▶ **Work order**: Using the listing below, print exactly everything from the line with "300 Salter St" down to the line with "A picture of Fresh Garlic Naan breads.", both included, and nothing more.

▶ **Excerpted data**:

· · · ·

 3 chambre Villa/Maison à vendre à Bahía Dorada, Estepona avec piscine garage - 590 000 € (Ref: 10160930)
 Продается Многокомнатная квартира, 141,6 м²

· · · ·

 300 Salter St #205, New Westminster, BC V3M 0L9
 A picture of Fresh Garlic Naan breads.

· · · ·

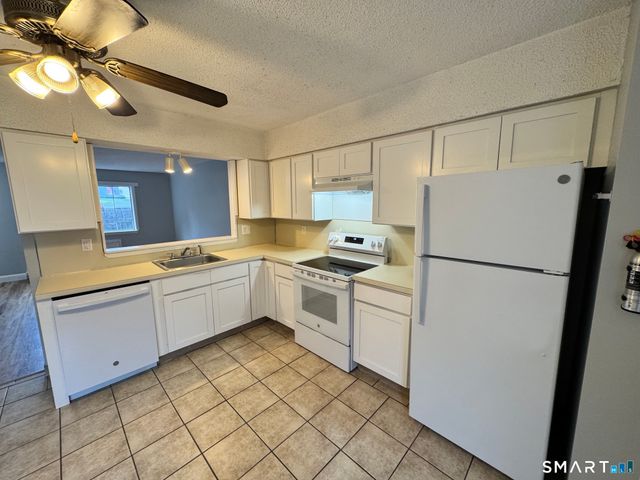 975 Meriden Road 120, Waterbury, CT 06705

· · · ·

▶ **The answer**:
 300 Salter St #205, New Westminster, BC V3M 0L9
 A picture of Fresh Garlic Naan breads.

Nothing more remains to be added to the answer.